▸ **Problem description**
All lines from the line containing "Victoria Peak or" up to and including the last line of the listing below should be echoed exactly; no other lines belong in the response.

▸ **Supplied data**
|---|

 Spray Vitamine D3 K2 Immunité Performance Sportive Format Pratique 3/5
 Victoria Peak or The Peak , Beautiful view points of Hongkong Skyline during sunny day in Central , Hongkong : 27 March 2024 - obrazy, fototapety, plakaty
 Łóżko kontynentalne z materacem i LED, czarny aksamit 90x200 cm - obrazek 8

|---|

▸ **Exercise response**
 Victoria Peak or The Peak , Beautiful view points of Hongkong Skyline during sunny day in Central , Hongkong : 27 March 2024 - obrazy, fototapety, plakaty
 Łóżko kontynentalne z materacem i LED, czarny aksamit 90x200 cm - obrazek 8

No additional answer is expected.